Tommy Fleetwood: (9,400) His 1/4 record at Open Championships is ugly and he missed the cut in his last start, at The Open de France, but I think we need to forget about these things with Fleetwood at this price. He is playing the best golf of his career this season, vaulting him up to the number ten spot in the world rankings, and he has made it to the weekend in 18 of his last 20 starts. He finished second at The U.S. Open, that was capped off with an incredible 63 in his final round and if he converted the birdie putt on 18, who knows what would have happened in a playoff between him and Brooks Koepka. He is at 16/1 to win, which is excellent odds for his price and one thing that is definitely helping those odds be so low is that he holds the course record at Carnoustie, with a 63 in his second round at The Alfred Dunhill Links Championship last season.
Brooks Koepka: (9,200) It only took two weeks for him to get back into form after missing the start of the season with a wrist injury and ever since The Wells Fargo, Koepka has been outstanding, finishing T11, T2, T30, 1st, and T19. The brutal conditions at Shinnecock Hills didn’t faze him one bit and he should be just fine with the weather challenges we are expecting this week.

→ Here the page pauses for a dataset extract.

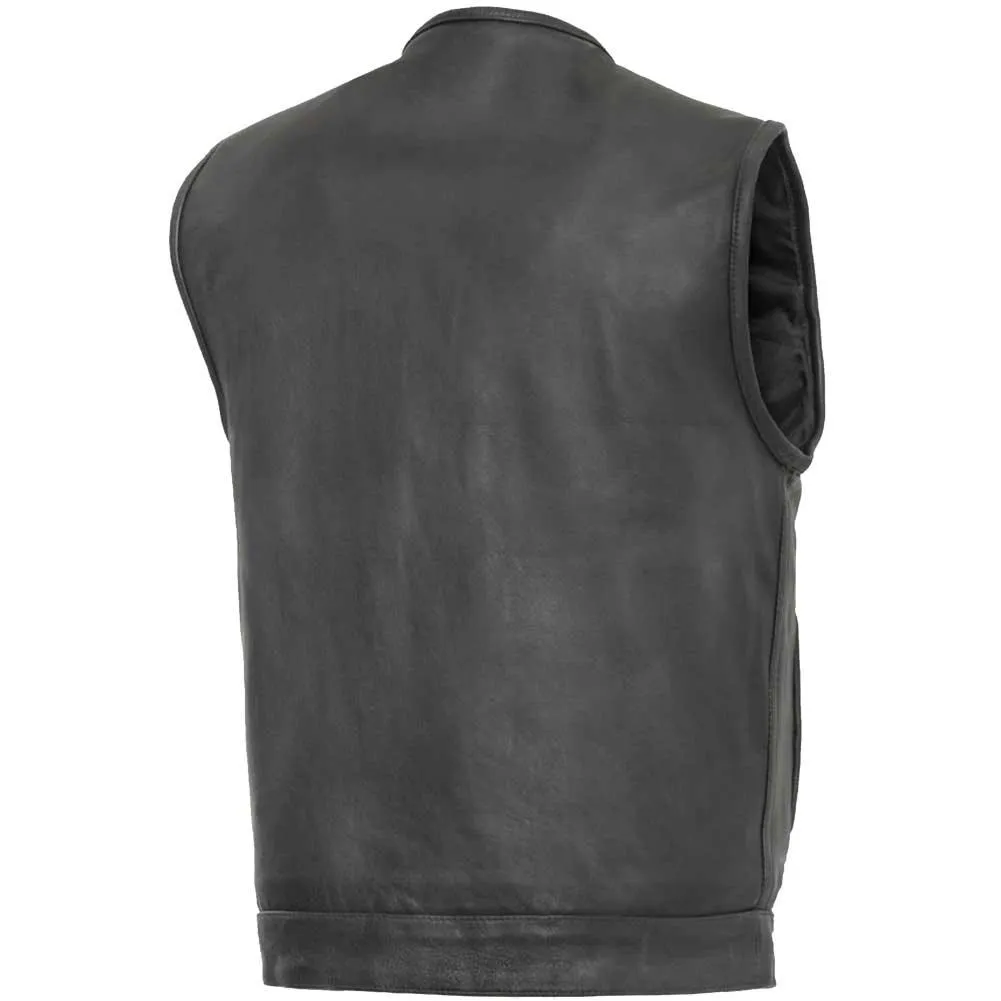 First Mfg Mens No Rival Concealment Leather Vest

He missed the cut in his first two majors ever, but he hasn’t looked back ever since, making 16 straight major cuts and finishing in the top 20 in his last 11, which includes a top ten in his last two Open Championships. He ranks 3rd in SG on par fours, BOB%, and bogey avoidance in his last 24 rounds. (via Fantasy National) His confidence level couldn’t be higher right now and I think Koepka comes out and contends in his first try at Carnoustie.
Zach Johnson: (7,200) ZJ has been a model of consistency this season. He is 17/18 in made cuts and has ten top 25s. Even though he claimed The USGA “lost the course” at Shinnecock Hills, he still finished T12 at The U.S. Open, and is now 13 for his last 15 in major events. For his career, he is 11/14 at Open Championships, with the win at St. Andrews back in 2015. He is a savvy vet who knows how to handle the tough weather and $7,200 is just too soft of a price tag for Johnson in this event.
Ryan Moore: (6,700) Seven for his last nine, with a finish no worse than T30 in that span. His stats have been tremendous, with him ranking 1st in SGT2G, 1st in SG APP, 2nd in GIR, 1st in fairways gained, 1st in ball striking, 12th in SG on par fours, 29th in SG on par fives, and 1st in bogeys avoided in his last 24 rounds. (via Fantasy National) Also, he just finished T13 at The Greenbrier in his last start, where he gained 10.2 strokes tee to green. He missed the cut in last year’s Open, but he was in a very bad stretch during that time, making only two of six cuts between May and August. Overall, he is 26/39 in majors and 5/8 in Open Championships. $6,700 is the cheapest he has been all year and I think in this current form, Moore should be playing on the weekend, with top 25 upside.